Friday, March 6, 2009

The Versatile Cabbage

This is the month where cabbage affectionados will be going wild. St. Paddy's Day is coming and the veggie will be presented a variety of ways. The thing is that cabbage shouldn't be reserved for Ireland's big day. its's a good enough vegetable to be eaten all year round.

The cabbage is part of the Brassacae family ( the same family that give you Brussels Sprouts) and is a cousin to the turnip.The name derives from the Norman Picard word for swollen head, caboche . it was eaten in Europe for centuries , long before two other staples, potaotes and tomatoes, came imported from the New World. It is one of the best sources of Vitamin C in the winter months (probably why it was a staple in so many homes ).

What todo with cabbage. Most European cultures stuff it. My Piedmontese relatives make pas coi, (loosely transplated "not fish"' in dialect) This is where you take the leaves , them with uncooked polenta and then fry, The rolls are then married in a pickling of salvia and vinegar in the fridge overnight.

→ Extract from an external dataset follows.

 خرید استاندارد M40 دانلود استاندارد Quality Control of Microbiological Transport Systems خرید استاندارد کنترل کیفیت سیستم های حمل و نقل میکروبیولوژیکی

My Swabian German cousins make the ubiquitous sauerkraut with them. You can do this but you can also make a raw cabbage salad with carrots and sweet vinaigrette dressing. Cabbage is also good in soup and there's even the cabbage soup diet where the soup is one of the main things you eat.

Don't save cabbage just for St Paddy's Day. have it al lyear round in soups or stuffed or even as a tangy salad. Use this versatile vegetable as often as you like.